= The Wild Rose (1902 musical) =

1902 musical

 The Wild Rose is a musical in two acts with music by Ludwig Engländer and both book and lyrics by Harry B. Smith and George V. Hobart. The musical contained the hit song "A Most Unlucky Man" by the songwriting team of Jean Schwartz and William Jerome.

The Wild Rose premiered on Broadway in 1902. It should not be confused with the 1926 musical of the same name by Otto Harbach, Oscar Hammerstein II, and Rudolf Friml.

==History==
Set in Strasbourg when it was part of Germany during the early years of the 20th century, The Wild Roses loose plot concerns a band of "gypsies" who become entangled in misadventures with German soldiers and actors from a theatre troupe.

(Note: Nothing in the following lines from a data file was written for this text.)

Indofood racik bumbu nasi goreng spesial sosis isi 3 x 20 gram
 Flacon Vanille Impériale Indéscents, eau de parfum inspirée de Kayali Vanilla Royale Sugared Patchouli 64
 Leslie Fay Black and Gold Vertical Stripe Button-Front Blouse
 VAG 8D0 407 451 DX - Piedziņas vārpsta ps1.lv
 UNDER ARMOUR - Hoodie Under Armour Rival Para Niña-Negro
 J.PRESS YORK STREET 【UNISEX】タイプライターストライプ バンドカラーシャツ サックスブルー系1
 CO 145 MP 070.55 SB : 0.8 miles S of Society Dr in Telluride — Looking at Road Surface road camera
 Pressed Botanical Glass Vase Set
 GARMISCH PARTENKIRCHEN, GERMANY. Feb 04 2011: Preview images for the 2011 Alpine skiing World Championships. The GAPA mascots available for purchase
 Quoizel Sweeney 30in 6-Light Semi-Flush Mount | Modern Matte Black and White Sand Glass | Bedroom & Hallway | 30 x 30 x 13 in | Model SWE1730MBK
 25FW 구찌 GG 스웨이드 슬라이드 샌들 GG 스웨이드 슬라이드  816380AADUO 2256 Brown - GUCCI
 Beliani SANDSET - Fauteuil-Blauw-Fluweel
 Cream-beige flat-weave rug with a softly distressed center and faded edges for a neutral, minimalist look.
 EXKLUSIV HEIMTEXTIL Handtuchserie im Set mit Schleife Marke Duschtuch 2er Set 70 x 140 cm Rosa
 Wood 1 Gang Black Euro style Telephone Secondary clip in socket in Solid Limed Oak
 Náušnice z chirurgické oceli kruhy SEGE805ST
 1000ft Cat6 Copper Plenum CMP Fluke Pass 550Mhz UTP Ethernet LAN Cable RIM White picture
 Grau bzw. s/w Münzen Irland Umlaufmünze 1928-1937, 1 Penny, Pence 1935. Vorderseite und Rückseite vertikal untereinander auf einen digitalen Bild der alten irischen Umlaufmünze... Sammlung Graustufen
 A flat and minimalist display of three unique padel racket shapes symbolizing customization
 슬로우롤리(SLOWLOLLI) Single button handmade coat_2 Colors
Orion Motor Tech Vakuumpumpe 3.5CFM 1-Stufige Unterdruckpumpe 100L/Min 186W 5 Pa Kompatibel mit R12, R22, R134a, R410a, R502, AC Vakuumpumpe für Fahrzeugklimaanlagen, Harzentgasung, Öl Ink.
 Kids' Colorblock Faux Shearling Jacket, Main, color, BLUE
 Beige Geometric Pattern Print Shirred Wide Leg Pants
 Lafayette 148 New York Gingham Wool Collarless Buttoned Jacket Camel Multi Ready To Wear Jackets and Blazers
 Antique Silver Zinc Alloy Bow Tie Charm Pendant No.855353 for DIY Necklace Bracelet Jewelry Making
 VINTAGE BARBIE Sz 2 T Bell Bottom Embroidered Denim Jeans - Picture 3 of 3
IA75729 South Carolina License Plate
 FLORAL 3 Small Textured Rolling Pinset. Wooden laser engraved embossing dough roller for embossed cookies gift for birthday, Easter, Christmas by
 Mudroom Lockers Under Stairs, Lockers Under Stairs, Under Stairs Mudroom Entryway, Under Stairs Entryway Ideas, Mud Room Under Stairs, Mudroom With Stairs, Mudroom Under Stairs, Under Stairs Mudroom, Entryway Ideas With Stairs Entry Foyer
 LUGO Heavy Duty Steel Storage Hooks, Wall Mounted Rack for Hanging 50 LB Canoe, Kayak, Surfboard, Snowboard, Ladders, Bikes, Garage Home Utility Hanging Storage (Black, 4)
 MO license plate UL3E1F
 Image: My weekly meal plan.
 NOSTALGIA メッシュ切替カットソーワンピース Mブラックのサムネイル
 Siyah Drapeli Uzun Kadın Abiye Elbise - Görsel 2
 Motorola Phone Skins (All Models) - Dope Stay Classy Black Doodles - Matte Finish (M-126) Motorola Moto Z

It was created as a starring vehicle for Eddie Foy who portrayed Paracelsus Noodles, a phony hypnotist.

The work premiered at Broadway's Knickerbocker Theatre on May 5, 1902, where it ran for 136 performances; closing on August 30, 1902. The cast also included Marie Cahill as Vera von Lahn, Irene Bentley as Rose Romany, Evelyn Florence Nesbit as Vashti, and George Ali as "Baby". Cahill's song from this production, "Nancy Brown" by Clifton Crawford, was the inspiration for the later musical Nancy Brown and was sung there by the same actress. It was produced and staged by George W. Lederer and choreographed by Adolph Neuberger. Frederick Solomon was music director for the production. The sets were designed by D. Frank Dodge with costumes by Caroline Seidle.